(TASK TO CARRY OUT):
An exact copy is needed of the lines in the entries below from the line with "Three Beyond Beauty" up to and including the line with "Thoughtful Asian woman", and of nothing else. Leave the pictures out.

===== LISTED ENTRIES

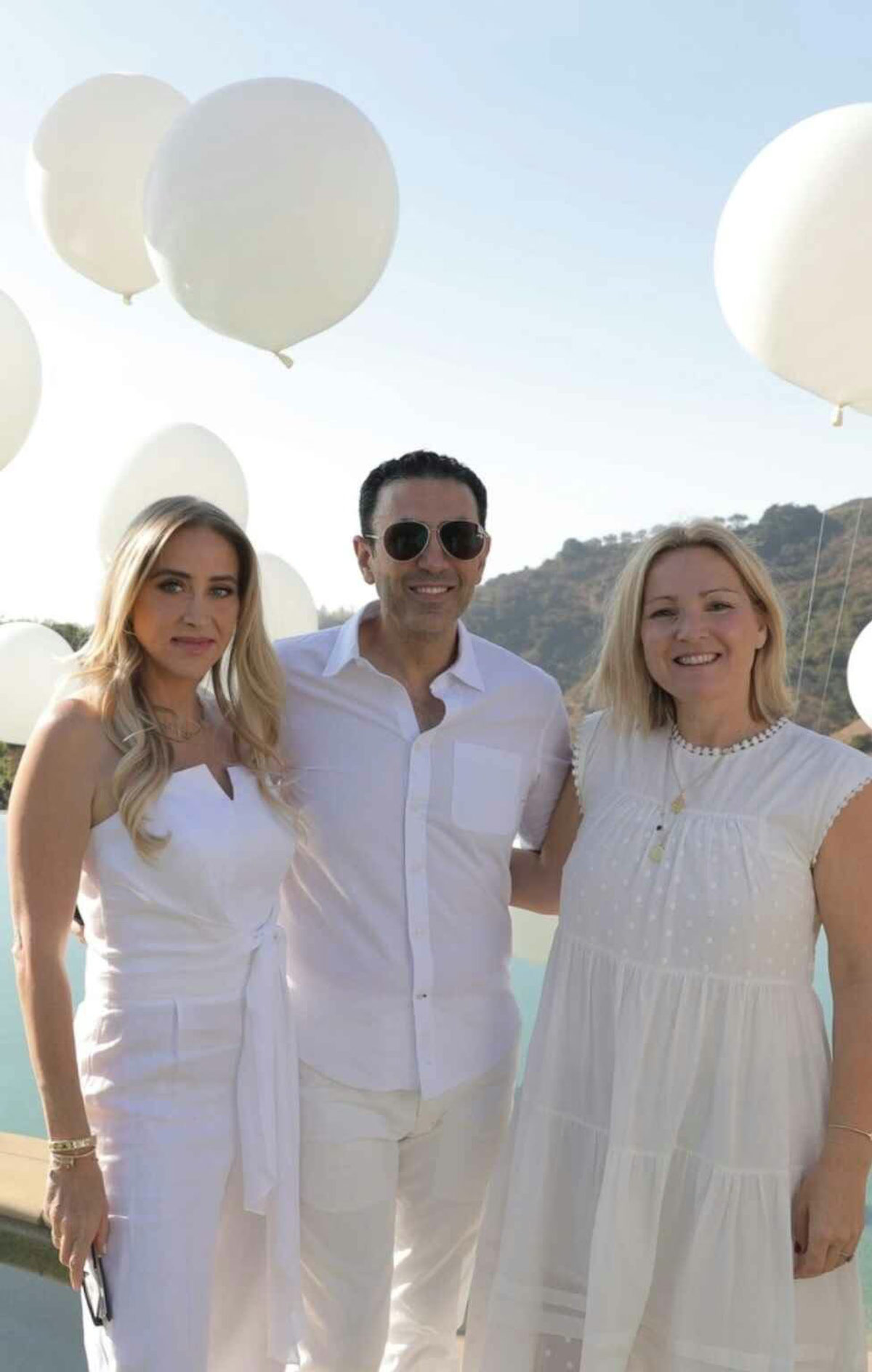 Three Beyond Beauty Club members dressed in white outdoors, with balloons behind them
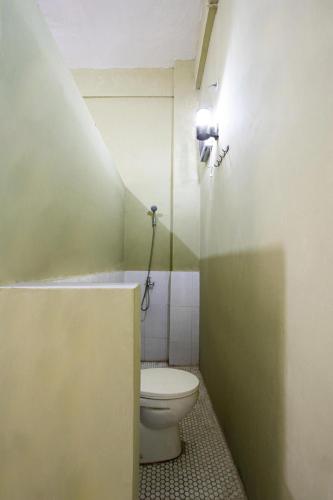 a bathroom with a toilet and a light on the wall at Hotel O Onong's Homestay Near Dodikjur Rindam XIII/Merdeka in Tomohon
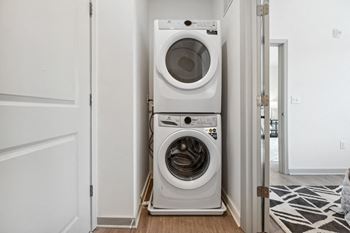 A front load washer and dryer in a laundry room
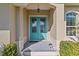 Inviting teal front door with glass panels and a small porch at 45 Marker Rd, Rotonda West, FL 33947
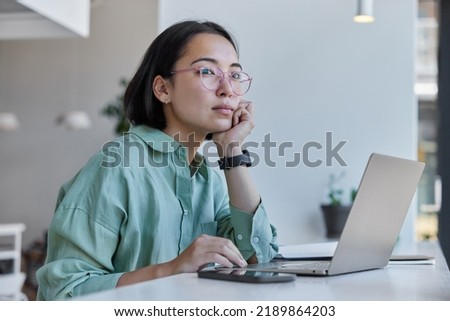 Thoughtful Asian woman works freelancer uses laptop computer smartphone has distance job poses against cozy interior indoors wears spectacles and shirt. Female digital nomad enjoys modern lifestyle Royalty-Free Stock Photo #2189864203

==========
===== LISTED ENTRIES

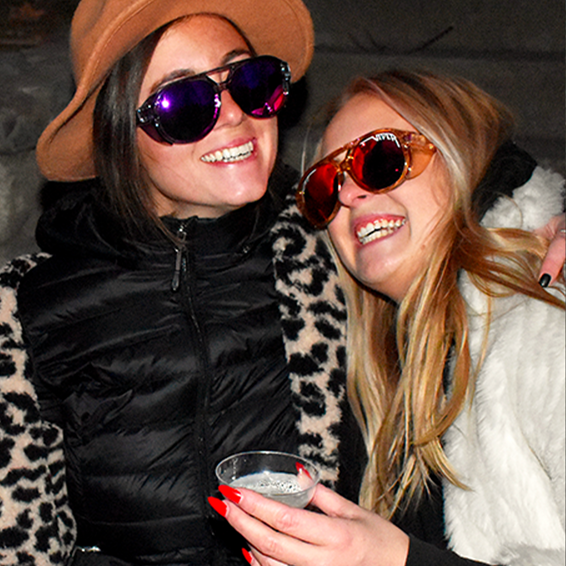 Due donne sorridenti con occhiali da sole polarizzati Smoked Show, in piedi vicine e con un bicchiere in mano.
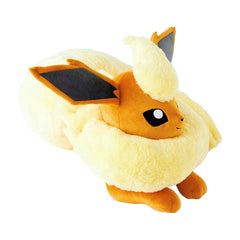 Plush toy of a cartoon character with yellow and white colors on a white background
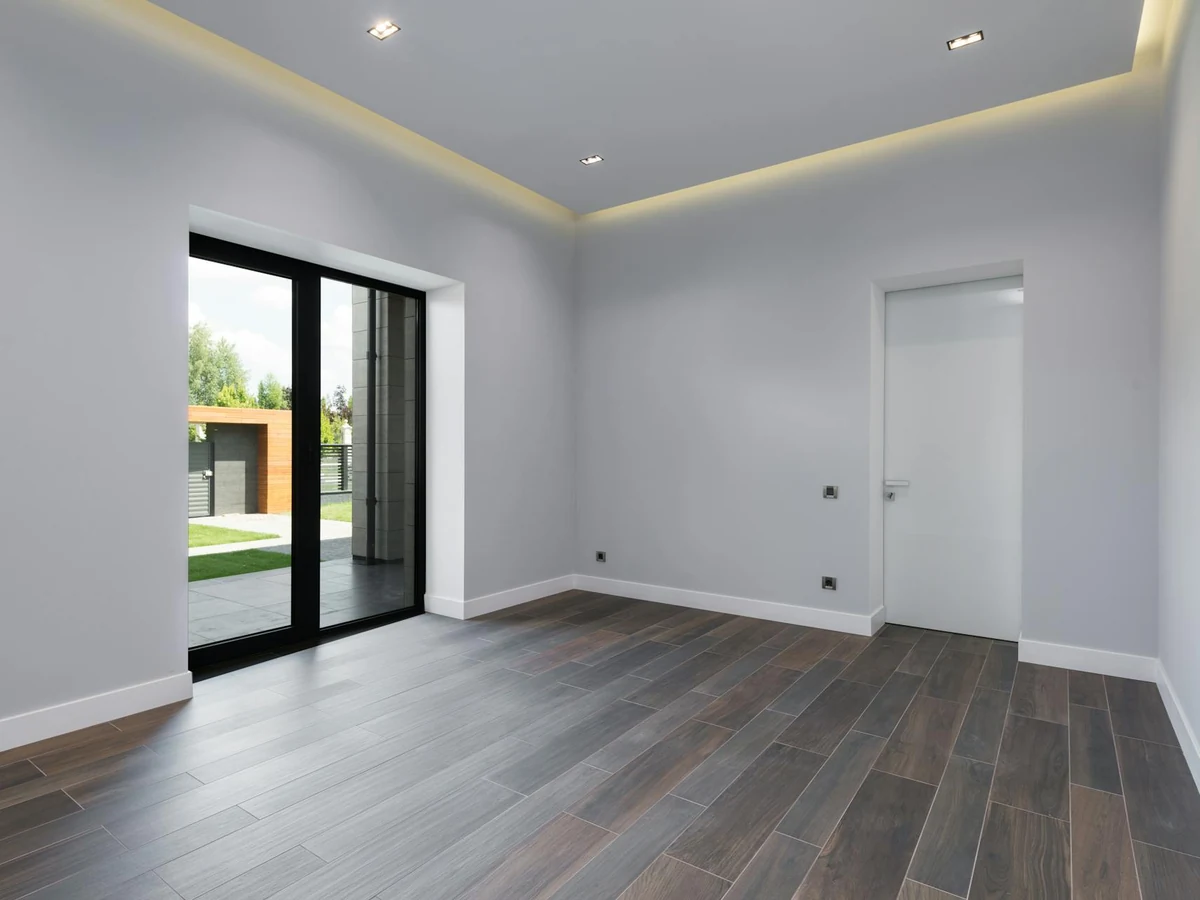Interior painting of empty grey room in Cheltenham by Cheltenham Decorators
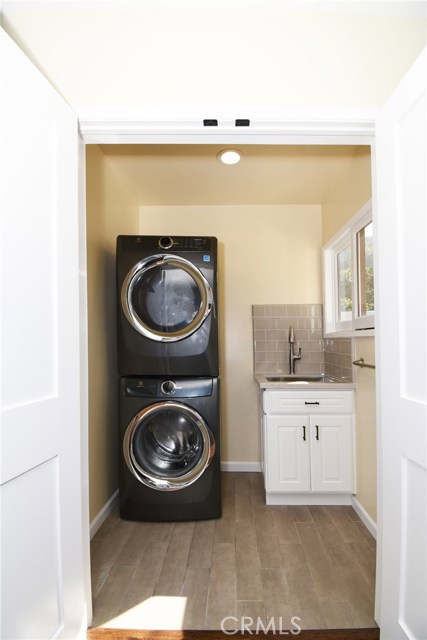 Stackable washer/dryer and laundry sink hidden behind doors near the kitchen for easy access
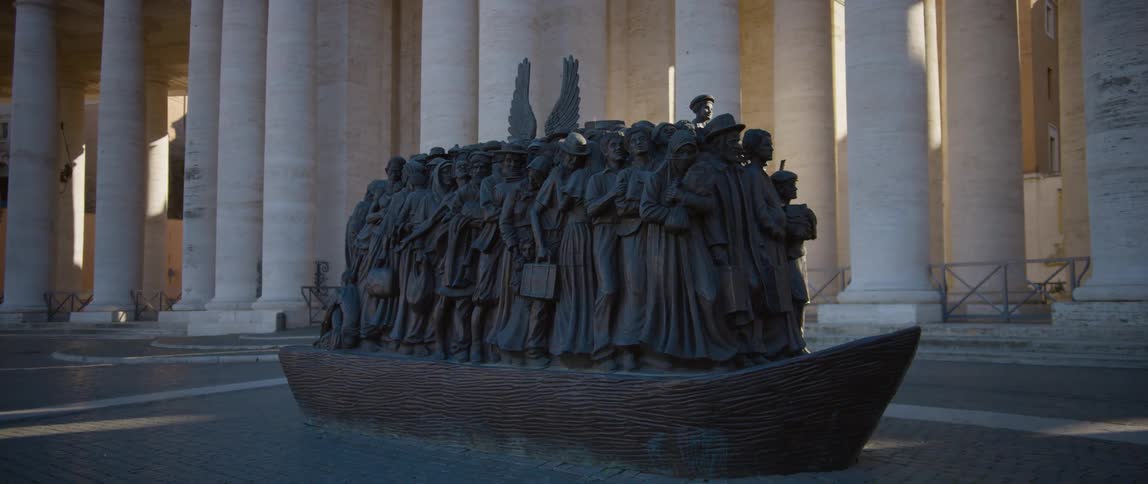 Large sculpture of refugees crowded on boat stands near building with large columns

==========

(RESPONSE TO THE TASK):
 Three Beyond Beauty Club members dressed in white outdoors, with balloons behind them
 a bathroom with a toilet and a light on the wall at Hotel O Onong's Homestay Near Dodikjur Rindam XIII/Merdeka in Tomohon
 A front load washer and dryer in a laundry room
 Inviting teal front door with glass panels and a small porch at 45 Marker Rd, Rotonda West, FL 33947
 Thoughtful Asian woman works freelancer uses laptop computer smartphone has distance job poses against cozy interior indoors wears spectacles and shirt. Female digital nomad enjoys modern lifestyle Royalty-Free Stock Photo #2189864203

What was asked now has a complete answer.